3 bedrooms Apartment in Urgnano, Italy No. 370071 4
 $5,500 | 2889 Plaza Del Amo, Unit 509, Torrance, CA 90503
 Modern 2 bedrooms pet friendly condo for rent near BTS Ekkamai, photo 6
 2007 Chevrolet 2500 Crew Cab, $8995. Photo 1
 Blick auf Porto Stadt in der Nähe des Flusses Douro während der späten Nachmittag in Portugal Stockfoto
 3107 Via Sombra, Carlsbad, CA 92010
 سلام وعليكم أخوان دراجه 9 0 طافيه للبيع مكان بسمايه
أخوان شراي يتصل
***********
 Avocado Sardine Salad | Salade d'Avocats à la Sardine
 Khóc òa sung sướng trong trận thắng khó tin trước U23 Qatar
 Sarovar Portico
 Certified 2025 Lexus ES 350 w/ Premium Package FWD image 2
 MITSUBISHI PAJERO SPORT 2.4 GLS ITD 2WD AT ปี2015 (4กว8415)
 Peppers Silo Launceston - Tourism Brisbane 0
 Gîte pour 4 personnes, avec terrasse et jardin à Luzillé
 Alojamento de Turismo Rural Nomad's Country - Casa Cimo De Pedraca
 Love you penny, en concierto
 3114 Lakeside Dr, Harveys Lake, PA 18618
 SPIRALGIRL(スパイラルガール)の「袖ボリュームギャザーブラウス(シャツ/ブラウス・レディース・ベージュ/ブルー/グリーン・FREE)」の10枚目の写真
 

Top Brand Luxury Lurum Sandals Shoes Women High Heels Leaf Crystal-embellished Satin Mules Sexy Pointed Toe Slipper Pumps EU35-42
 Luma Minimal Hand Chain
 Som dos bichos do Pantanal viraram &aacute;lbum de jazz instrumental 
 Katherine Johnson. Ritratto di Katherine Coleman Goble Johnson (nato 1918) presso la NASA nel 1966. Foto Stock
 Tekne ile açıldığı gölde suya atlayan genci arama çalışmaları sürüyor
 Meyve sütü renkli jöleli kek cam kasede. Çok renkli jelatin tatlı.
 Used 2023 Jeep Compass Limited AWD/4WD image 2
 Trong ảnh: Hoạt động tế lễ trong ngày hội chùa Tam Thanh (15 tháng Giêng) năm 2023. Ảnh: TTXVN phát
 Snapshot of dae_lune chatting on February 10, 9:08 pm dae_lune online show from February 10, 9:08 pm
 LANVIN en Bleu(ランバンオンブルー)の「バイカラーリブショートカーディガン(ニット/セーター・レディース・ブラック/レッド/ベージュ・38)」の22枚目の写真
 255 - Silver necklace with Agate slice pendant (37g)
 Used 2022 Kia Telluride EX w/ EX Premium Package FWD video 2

* * * * *

## WHAT YOU HAVE TO DO
Retype each line above with no alterations.

## EXERCISE ANSWER
3 bedrooms Apartment in Urgnano, Italy No. 370071 4
 $5,500 | 2889 Plaza Del Amo, Unit 509, Torrance, CA 90503
 Modern 2 bedrooms pet friendly condo for rent near BTS Ekkamai, photo 6
 2007 Chevrolet 2500 Crew Cab, $8995. Photo 1
 Blick auf Porto Stadt in der Nähe des Flusses Douro während der späten Nachmittag in Portugal Stockfoto
 3107 Via Sombra, Carlsbad, CA 92010
 سلام وعليكم أخوان دراجه 9 0 طافيه للبيع مكان بسمايه
أخوان شراي يتصل
***********
 Avocado Sardine Salad | Salade d'Avocats à la Sardine
 Khóc òa sung sướng trong trận thắng khó tin trước U23 Qatar
 Sarovar Portico
 Certified 2025 Lexus ES 350 w/ Premium Package FWD image 2
 MITSUBISHI PAJERO SPORT 2.4 GLS ITD 2WD AT ปี2015 (4กว8415)
 Peppers Silo Launceston - Tourism Brisbane 0
 Gîte pour 4 personnes, avec terrasse et jardin à Luzillé
 Alojamento de Turismo Rural Nomad's Country - Casa Cimo De Pedraca
 Love you penny, en concierto
 3114 Lakeside Dr, Harveys Lake, PA 18618
 SPIRALGIRL(スパイラルガール)の「袖ボリュームギャザーブラウス(シャツ/ブラウス・レディース・ベージュ/ブルー/グリーン・FREE)」の10枚目の写真
 

Top Brand Luxury Lurum Sandals Shoes Women High Heels Leaf Crystal-embellished Satin Mules Sexy Pointed Toe Slipper Pumps EU35-42
 Luma Minimal Hand Chain
 Som dos bichos do Pantanal viraram &aacute;lbum de jazz instrumental 
 Katherine Johnson. Ritratto di Katherine Coleman Goble Johnson (nato 1918) presso la NASA nel 1966. Foto Stock
 Tekne ile açıldığı gölde suya atlayan genci arama çalışmaları sürüyor
 Meyve sütü renkli jöleli kek cam kasede. Çok renkli jelatin tatlı.
 Used 2023 Jeep Compass Limited AWD/4WD image 2
 Trong ảnh: Hoạt động tế lễ trong ngày hội chùa Tam Thanh (15 tháng Giêng) năm 2023. Ảnh: TTXVN phát
 Snapshot of dae_lune chatting on February 10, 9:08 pm dae_lune online show from February 10, 9:08 pm
 LANVIN en Bleu(ランバンオンブルー)の「バイカラーリブショートカーディガン(ニット/セーター・レディース・ブラック/レッド/ベージュ・38)」の22枚目の写真
 255 - Silver necklace with Agate slice pendant (37g)
 Used 2022 Kia Telluride EX w/ EX Premium Package FWD video 2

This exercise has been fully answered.